The Business Insurance Bureau

Need to Know: Presenting the Facts

Published: 05/10/2021, Author: Bob Hannah

Making A Fair Presentation of the Risk

At the heart of insurance contracts is an obvious truth: you have an enormous advantage over the insurer. You know all about your business, its history, processes, people and management, but the insurer knows nothing – other than what you tell them.

 

Your Duties

You have a statutory duty to make a fair presentation of the risk. You must tell the insurer:
• Every material circumstance which you know or ought to know and/or
• Sufficient information that would cause the insurer to make further enquiries, if neccessary, to review those material circumstances
• Information must be disclosed in a manner that is reasonably clear and accessible.

risk presentation

Your Knowledge

• You are deemed to have the knowledge of the company’s senior management.
• You are deemed to have the knowledge of the person arranging the insurance (who is deemed to be a senior manager under statute).
• Anything that can be discovered by a reasonable search.

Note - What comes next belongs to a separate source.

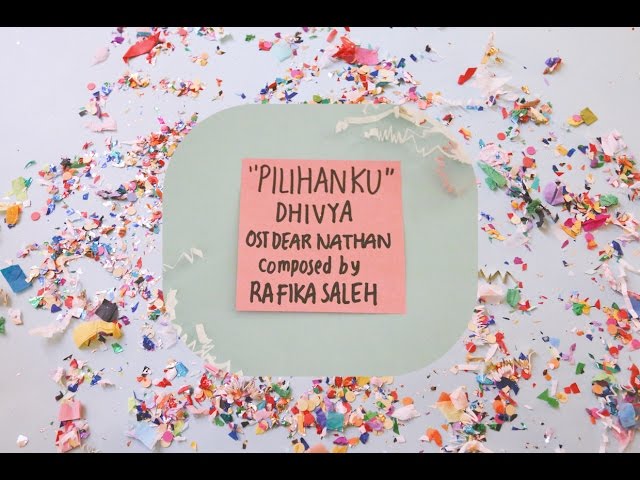 Dhivya - Pilihanku (OST Dear Nathan) | Video Lirik class=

A failure to make a fair presentation of the risk gives the insurer various remedies, depending upon the nature of the failure, from avoiding the contract and not paying claims to modifying the basis of settlement.

Examples of Misrepresentation

It is often easier to demonstrate the consequences of risk presentation failure by example rather than theory.

Here are some real life examples of typically forgotten or unrevealed material facts which later caused huge problems and repudiated claims:

 

A reprocessing plant did not reveal a series of small fires during their insurance year.

Following repeated false alarms, a retailer omitted to reveal that Police Response had been withdrawn.

A restaurant omitted to reveal repeated minor floods from an upstairs nightclub.

A construction company omitted to reveal potential employee claims recorded in their accident book.

A telecommunications company failed to reveal written warnings to an employee over repeated careless and dangerous driving.

A company failed to reveal that it had been ‘struck off’ by Companies House and was trading as a new legal entity under a different designation.

Compiling the Risk Presentation: an ongoing process

The compilation of risk information for presentation to an insurer might be thought to be simply contained in a proposal or risk presentation form, however, such forms are not exhaustive and cannot take account of circumstances which change beyond their compilation. Moreover, merely referring insurers to your website or dumping data is not making a fair presentation of the risk.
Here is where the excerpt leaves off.